TASK DATA =
►

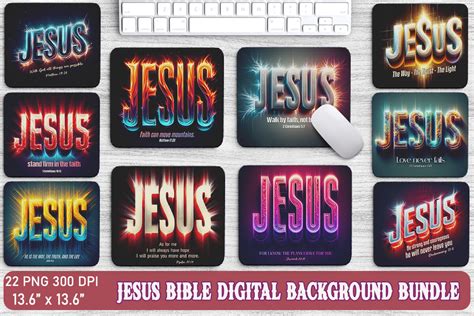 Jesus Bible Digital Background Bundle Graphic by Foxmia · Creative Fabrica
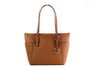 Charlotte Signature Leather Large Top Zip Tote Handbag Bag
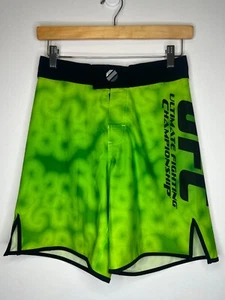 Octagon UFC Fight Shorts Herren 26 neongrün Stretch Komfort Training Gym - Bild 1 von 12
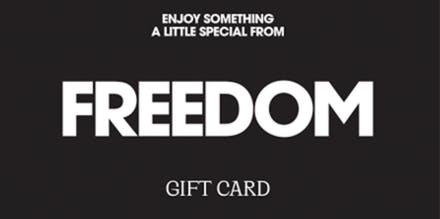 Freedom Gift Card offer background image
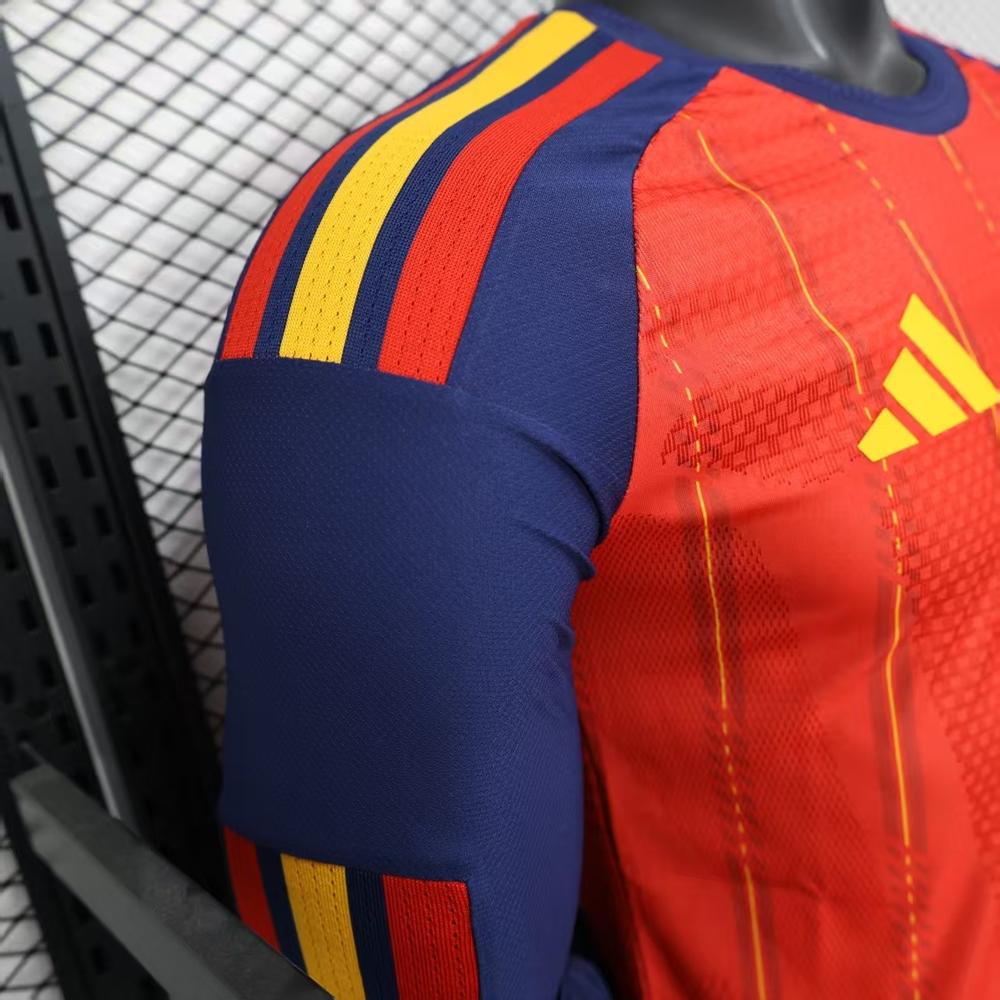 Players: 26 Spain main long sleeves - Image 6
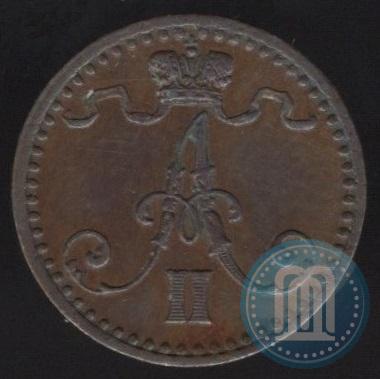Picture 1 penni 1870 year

◄

TASK = Transcribe the records above exactly, without images.

SOLUTION BELOW =
 Jesus Bible Digital Background Bundle Graphic by Foxmia · Creative Fabrica
 Charlotte Signature Leather Large Top Zip Tote Handbag Bag
 Octagon UFC Fight Shorts Herren 26 neongrün Stretch Komfort Training Gym - Bild 1 von 12
 Freedom Gift Card offer background image
 Players: 26 Spain main long sleeves - Image 6
Picture 1 penni 1870 year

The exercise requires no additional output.